Kotori is a flexible data historian based on InfluxDB, Grafana, MQTT and more. Free, open, simple.
It is a telemetry data acquisition, time series data processing and graphing toolkit aiming to become a fully integrated data historian. It is being conceived to support scientific environmental monitoring through distributed sensor networks and likewise scenarios.
Table of Contents
- Kotori is a multi-channel and multi-protocol data historian.
- It's an infrastructure toolkit assembled from different components suitable for data-acquisition, -storage, -fusion, -graphing and more.
- The system is used for building flexible telemetry solutions in different scenarios.
- It has been used to support conceiving data logging systems, test benches, sensor networks for environmental monitoring and beyond as well as other data-gathering and -aggregation projects.
- The system features a number of built-in sensor adapters, flexible configuration capabilities, durable database storage and unattended graph visualization out of the box.

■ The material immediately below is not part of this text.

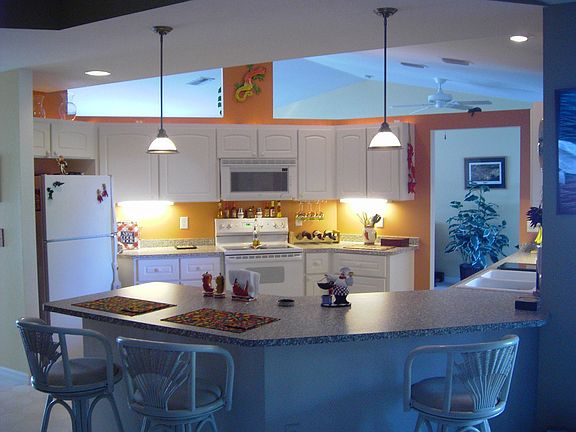 Kitchen w/Vaulted ceiling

- It integrates well with established hardware-, software- and data acquisition workflows through flexible adapter interfaces.
It's best to find out more about Kotori by looking at how others use it already. Enjoy reading.
- Get a rough idea at About Kotori.
- Have a look at some Applications where Kotori has been used.
- There are handbooks about data acquisition and data export.
Kotori is based on a number of fine infrastructure components and technologies and supports a number of protocols in one way or another. Standing on the shoulders of giants.
- Infrastructure: Twisted, Mosquitto, Grafana, InfluxDB, Autobahn, MongoDB
- Protocols: MQTT, HTTP, TCP, UDP, WebSockets, WAMP
Kotori can be installed through a Debian package, from the Python Package Index (PyPI) or from the Git repository. Please follow up to the corresponding installation instructions:
As Kotori is pretty heavy in respect to the number of software components it relies on, things sometimes break when trying to install its dependencies. In order to let us know about any problems you might encounter when installing Kotori, please don't hesitate to open an issue on GitHub.
¹ When choosing to install from the Debian package repository, you will also be able to receive appropriate Debian packages for Mosquitto, InfluxDB and Grafana through the DaqZilla package repository. This makes it easy to setup the complete DAQ system from a single package source.
² All of the Debian packages are available for amd64
and armhf
architectures to support installations on RaspberryPi, Beaglebone,
Odroid or similar ARM-based SBC machines.
Thanks to all the contributors of Kotori who got their hands dirty with it and helped to co-create and conceive it in one way or another. You know who you are.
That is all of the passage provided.